▸ **Data under study**
-- Opening Marker --
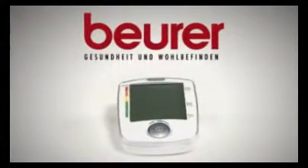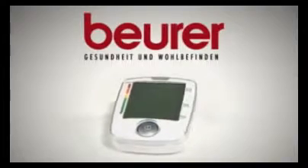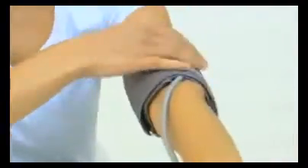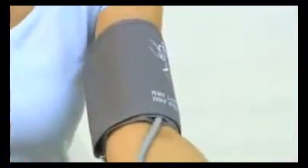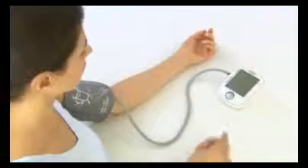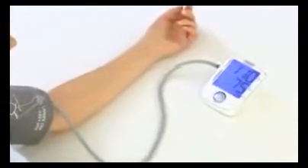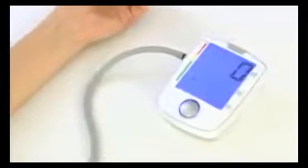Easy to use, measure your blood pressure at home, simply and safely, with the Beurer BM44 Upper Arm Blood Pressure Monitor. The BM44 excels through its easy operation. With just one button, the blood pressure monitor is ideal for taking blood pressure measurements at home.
-- Closing Marker --
-- Opening Marker --
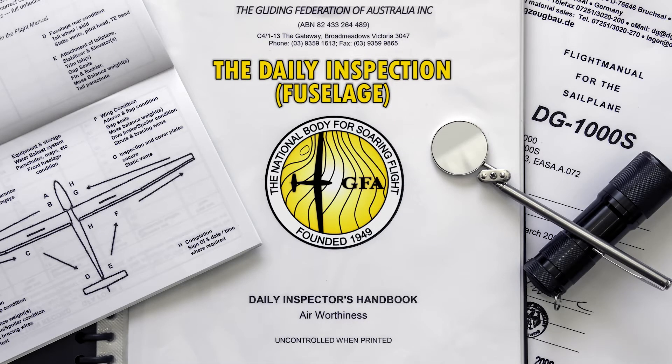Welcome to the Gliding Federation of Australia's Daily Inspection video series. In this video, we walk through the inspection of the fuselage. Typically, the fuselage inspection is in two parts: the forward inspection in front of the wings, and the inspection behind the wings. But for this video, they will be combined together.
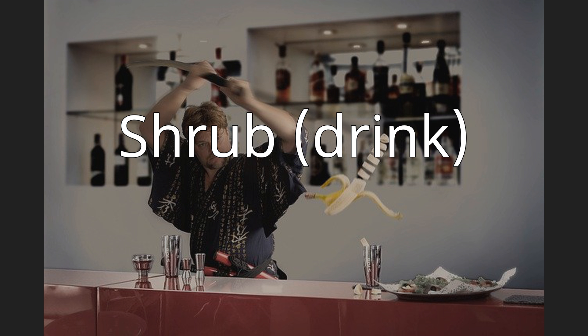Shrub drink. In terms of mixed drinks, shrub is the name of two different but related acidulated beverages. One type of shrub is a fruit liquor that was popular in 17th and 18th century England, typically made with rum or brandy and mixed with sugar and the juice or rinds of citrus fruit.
-- Closing Marker --
-- Opening Marker --
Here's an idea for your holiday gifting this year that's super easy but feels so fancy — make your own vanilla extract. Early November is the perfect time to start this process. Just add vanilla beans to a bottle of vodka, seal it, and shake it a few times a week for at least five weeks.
-- Closing Marker --
▸ **What you have to do**
The lines to set down run from the line with "Welcome to the" up to and including the line with "Shrub drink. In" in the entries above. Reproduce them exactly, with no pictures.

▸ **Completed exercise**
Welcome to the Gliding Federation of Australia's Daily Inspection video series. In this video, we walk through the inspection of the fuselage. Typically, the fuselage inspection is in two parts: the forward inspection in front of the wings, and the inspection behind the wings. But for this video, they will be combined together.
Shrub drink. In terms of mixed drinks, shrub is the name of two different but related acidulated beverages. One type of shrub is a fruit liquor that was popular in 17th and 18th century England, typically made with rum or brandy and mixed with sugar and the juice or rinds of citrus fruit.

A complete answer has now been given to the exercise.